--- EXTRACTED DATA ---

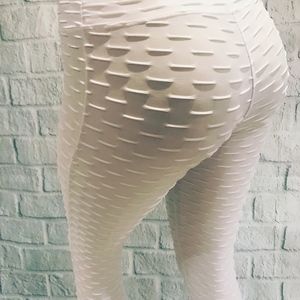 Brazilian high waisted Texture Leggings- White
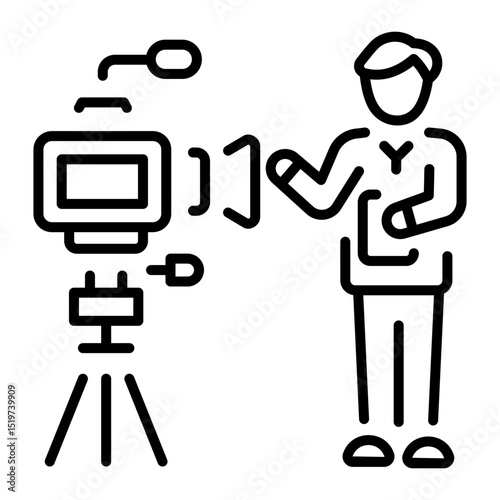 A line style icon of journalism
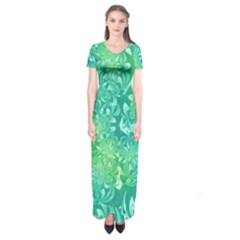 Retro Flower Pattern Design Batik Short Sleeve Maxi Dress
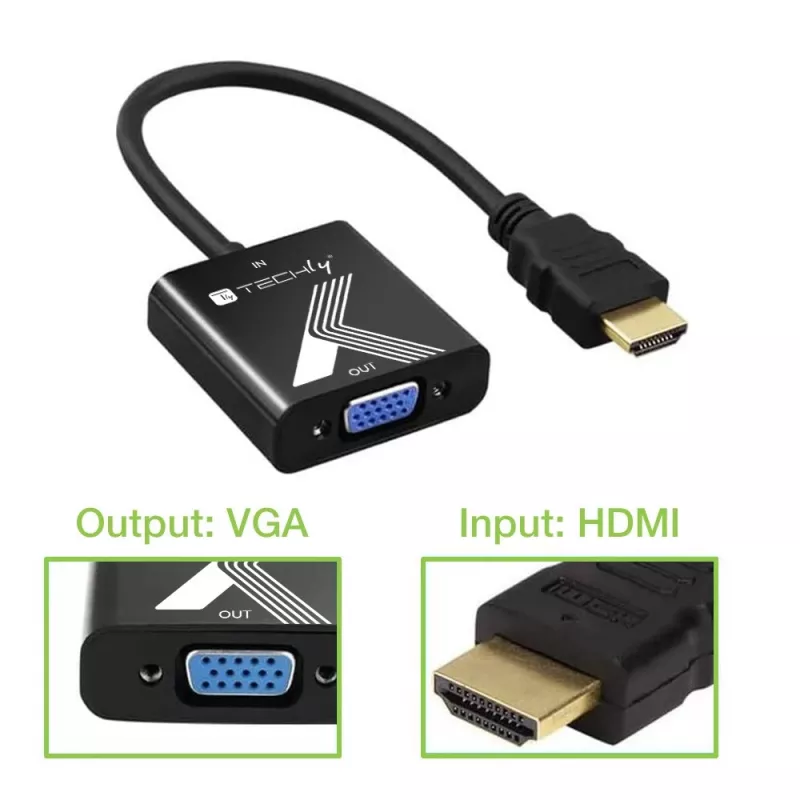 Adaptador de cabo conversor Techly HDMI para VGA preto 0,1 m 1920x1200 60 Hz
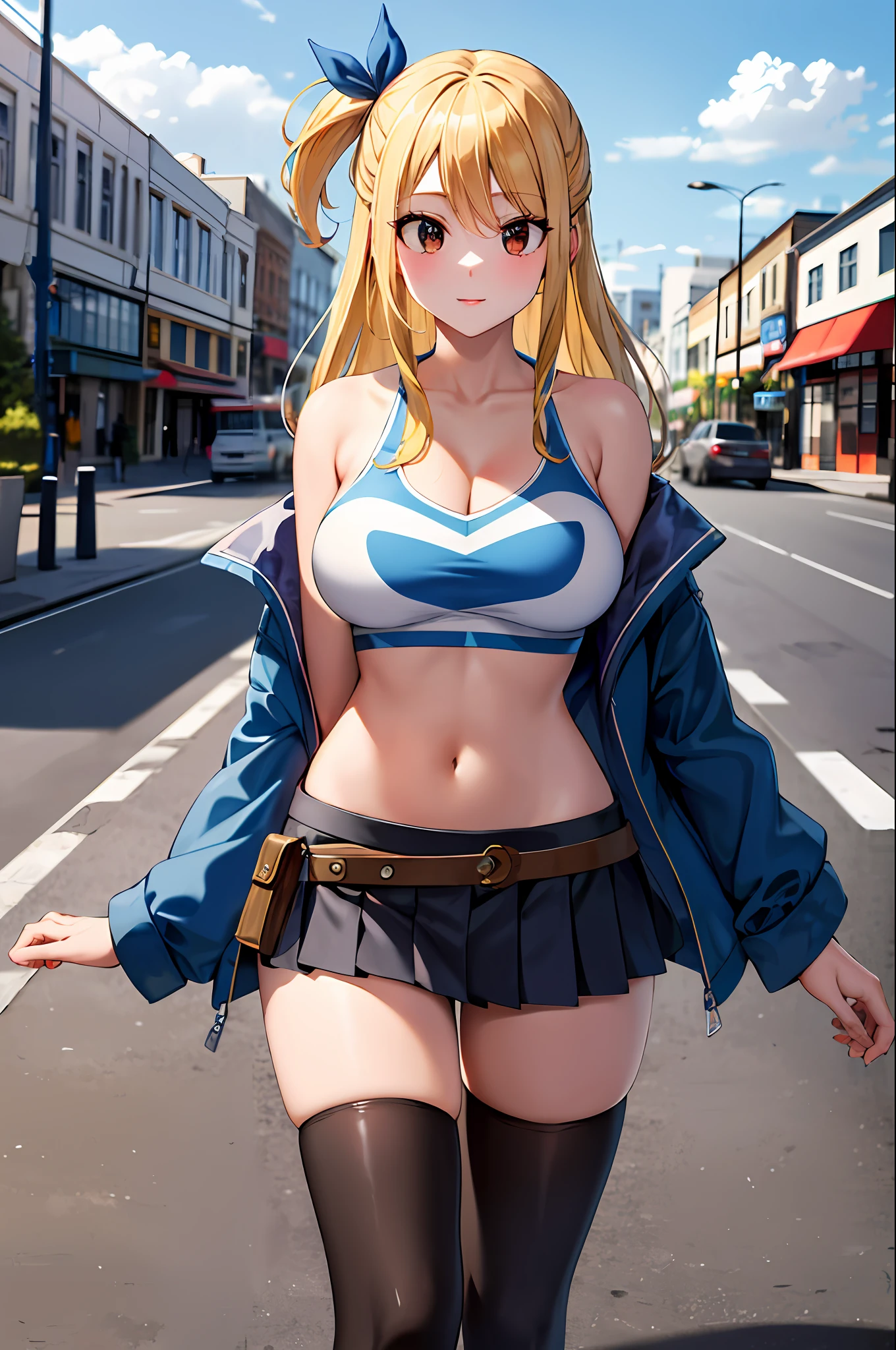 masterpiece, best quality, highres, lucy heartfilia, blonde hair, long hair, large breasts, jacket, crop top, bare shoulder, show stomach, belt, pleated skirt, cowboy shot, standing, looking at viewer, city road, outdoor, modern city road,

---

◆ EXERCISE PROMPT
Skip the pictures; extract only the lines from the line with "Adaptador de cabo" through the final line of the material, exactly as they appear.

◆ SOLVED EXERCISE
 Adaptador de cabo conversor Techly HDMI para VGA preto 0,1 m 1920x1200 60 Hz
 masterpiece, best quality, highres, lucy heartfilia, blonde hair, long hair, large breasts, jacket, crop top, bare shoulder, show stomach, belt, pleated skirt, cowboy shot, standing, looking at viewer, city road, outdoor, modern city road,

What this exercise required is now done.